Leave out the pictures, and retype the remaining data exactly.

[Web page caption snippets]
-- Opening Marker --

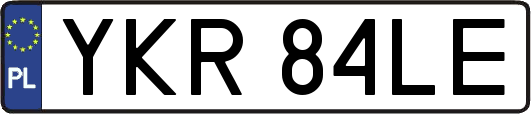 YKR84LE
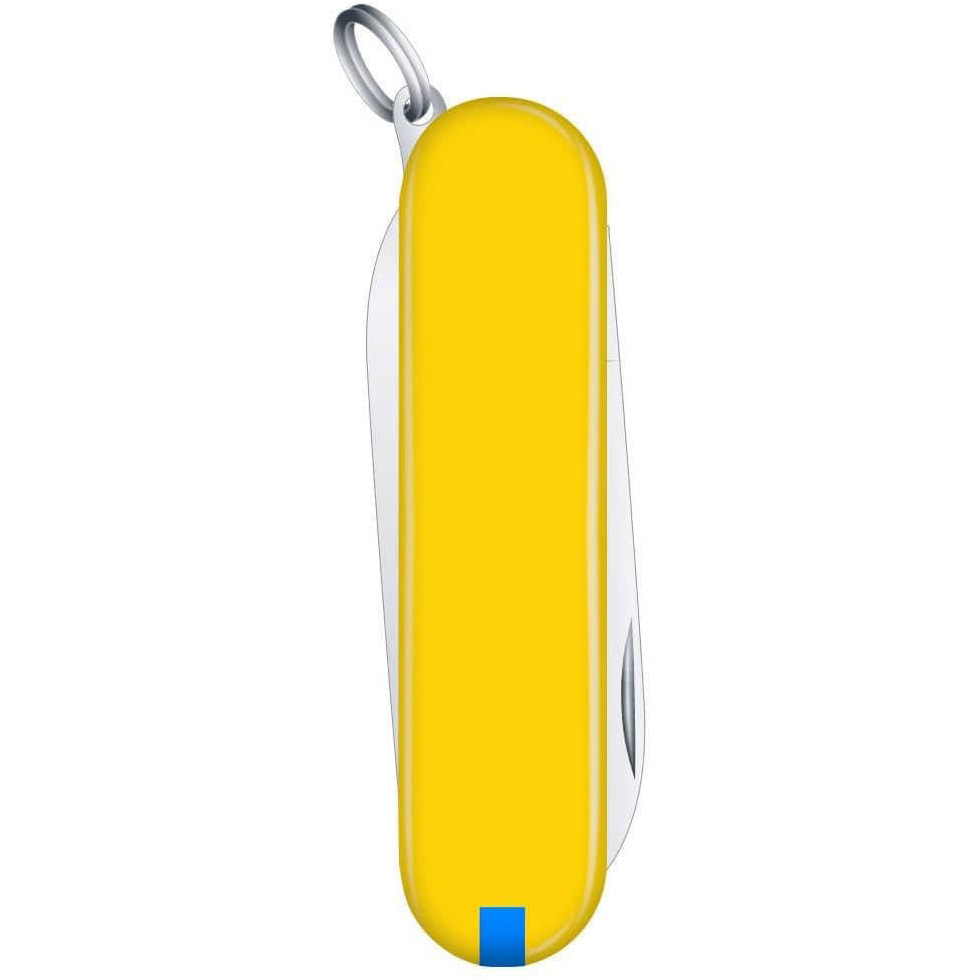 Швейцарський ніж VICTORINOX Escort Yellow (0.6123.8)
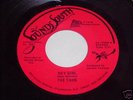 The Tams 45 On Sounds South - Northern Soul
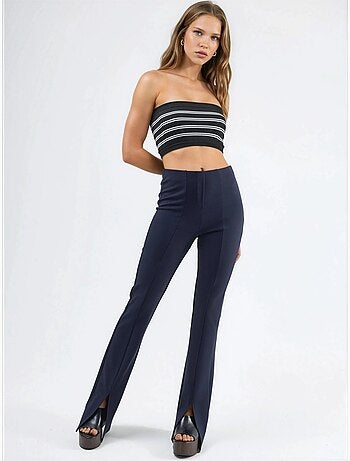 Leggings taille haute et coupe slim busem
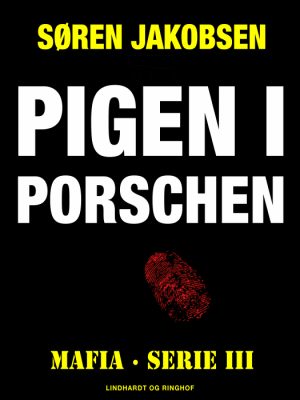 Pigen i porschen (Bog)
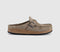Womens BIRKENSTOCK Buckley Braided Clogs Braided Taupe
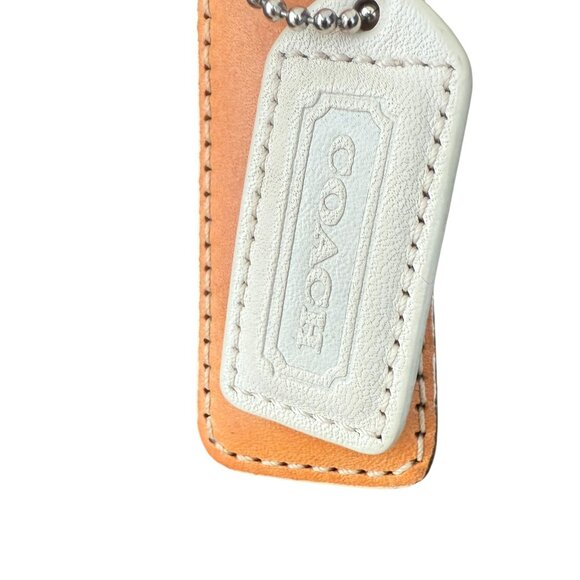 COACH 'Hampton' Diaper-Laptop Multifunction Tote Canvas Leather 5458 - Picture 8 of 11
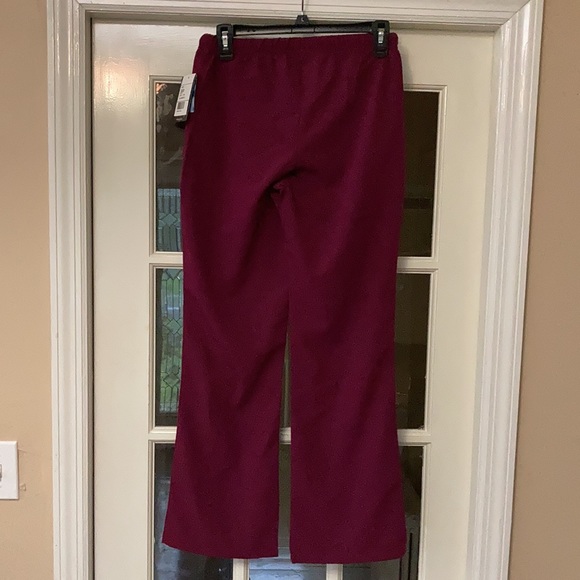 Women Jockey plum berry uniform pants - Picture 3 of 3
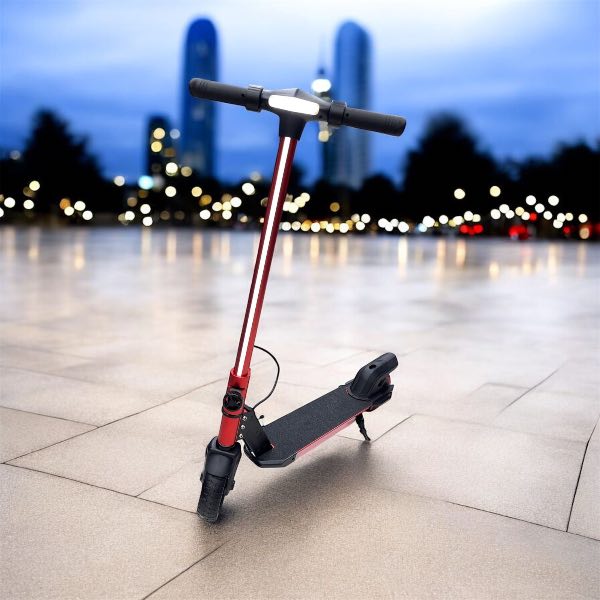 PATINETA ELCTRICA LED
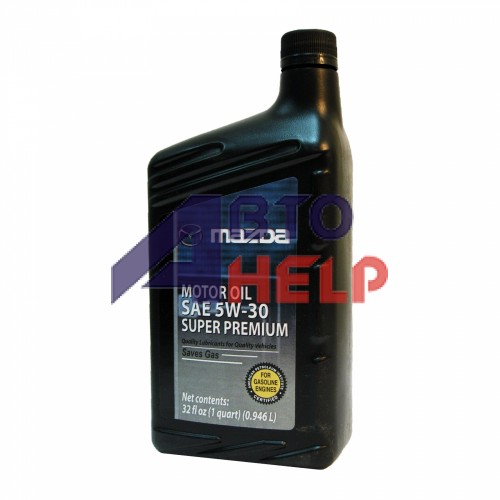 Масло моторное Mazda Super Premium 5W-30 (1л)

-- Closing Marker --

Response to the exercise:
 YKR84LE
 Швейцарський ніж VICTORINOX Escort Yellow (0.6123.8)
 The Tams 45 On Sounds South - Northern Soul
 Leggings taille haute et coupe slim busem
 Pigen i porschen (Bog)
Womens BIRKENSTOCK Buckley Braided Clogs Braided Taupe
 COACH 'Hampton' Diaper-Laptop Multifunction Tote Canvas Leather 5458 - Picture 8 of 11
 Women Jockey plum berry uniform pants - Picture 3 of 3
 PATINETA ELCTRICA LED
 Масло моторное Mazda Super Premium 5W-30 (1л)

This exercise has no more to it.